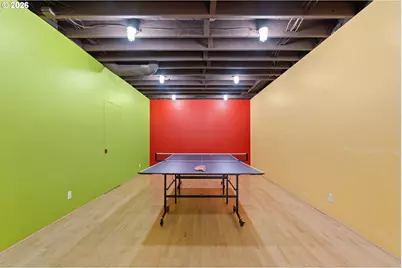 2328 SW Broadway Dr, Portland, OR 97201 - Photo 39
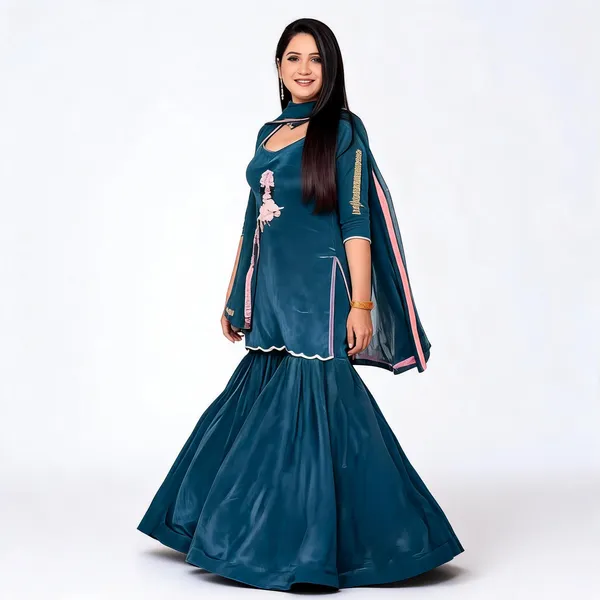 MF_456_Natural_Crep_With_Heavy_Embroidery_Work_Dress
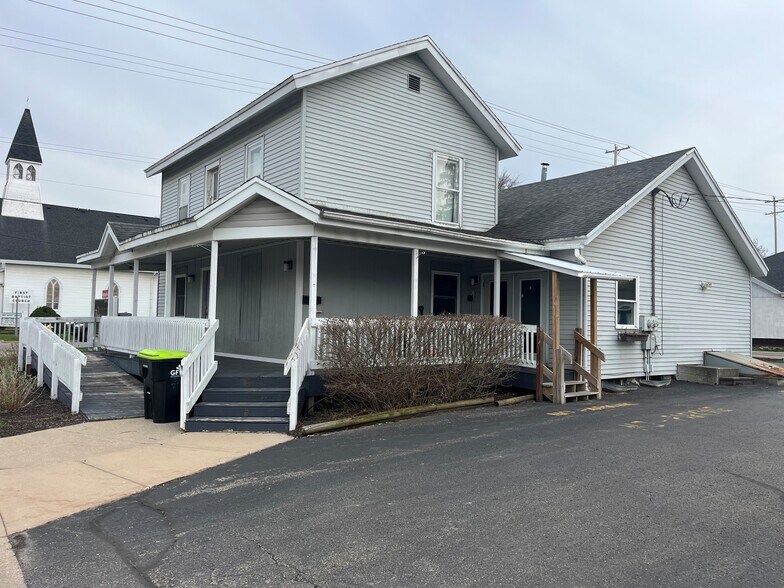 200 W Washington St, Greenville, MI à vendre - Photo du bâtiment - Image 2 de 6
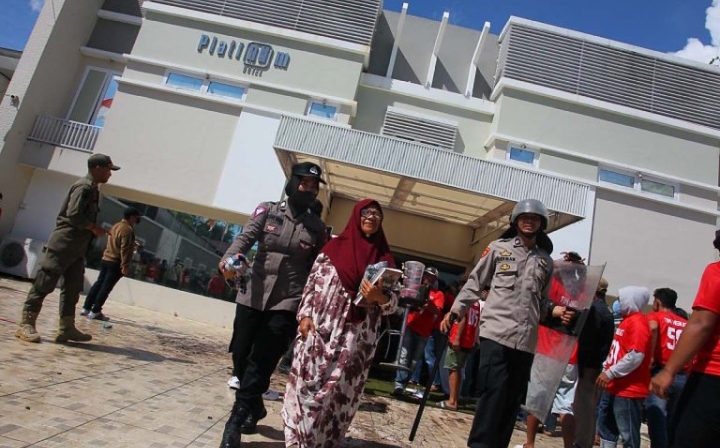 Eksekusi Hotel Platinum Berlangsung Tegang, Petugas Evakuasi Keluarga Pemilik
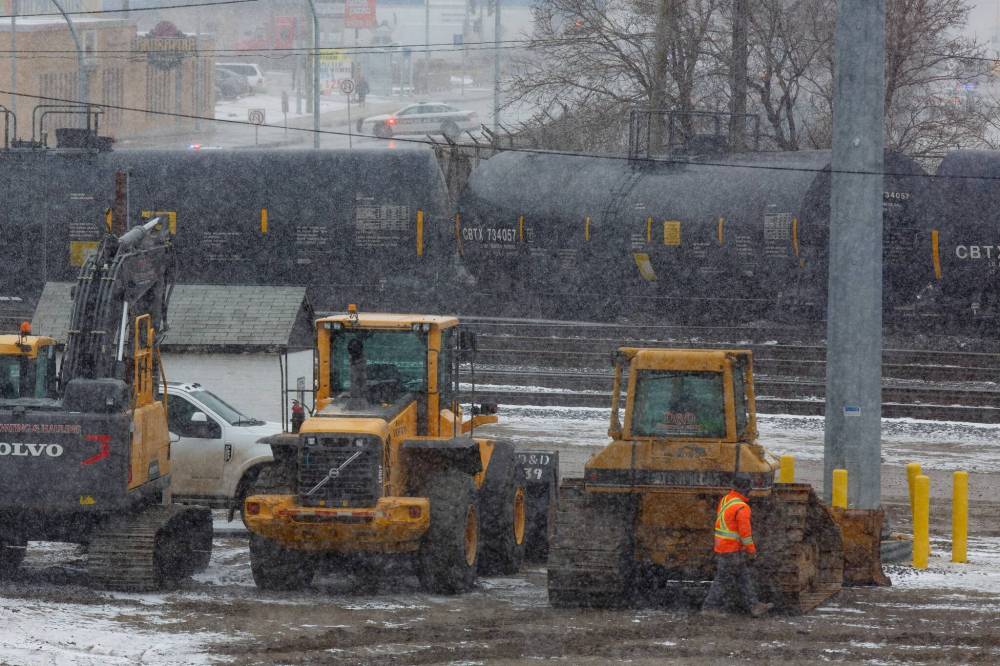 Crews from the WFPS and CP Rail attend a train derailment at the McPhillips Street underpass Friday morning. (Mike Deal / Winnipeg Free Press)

══════

» What is being asked: Give all the entries again exactly, dropping each picture.

» Reply to the exercise:
 2328 SW Broadway Dr, Portland, OR 97201 - Photo 39
 MF_456_Natural_Crep_With_Heavy_Embroidery_Work_Dress
 200 W Washington St, Greenville, MI à vendre - Photo du bâtiment - Image 2 de 6
 Eksekusi Hotel Platinum Berlangsung Tegang, Petugas Evakuasi Keluarga Pemilik
 Crews from the WFPS and CP Rail attend a train derailment at the McPhillips Street underpass Friday morning. (Mike Deal / Winnipeg Free Press)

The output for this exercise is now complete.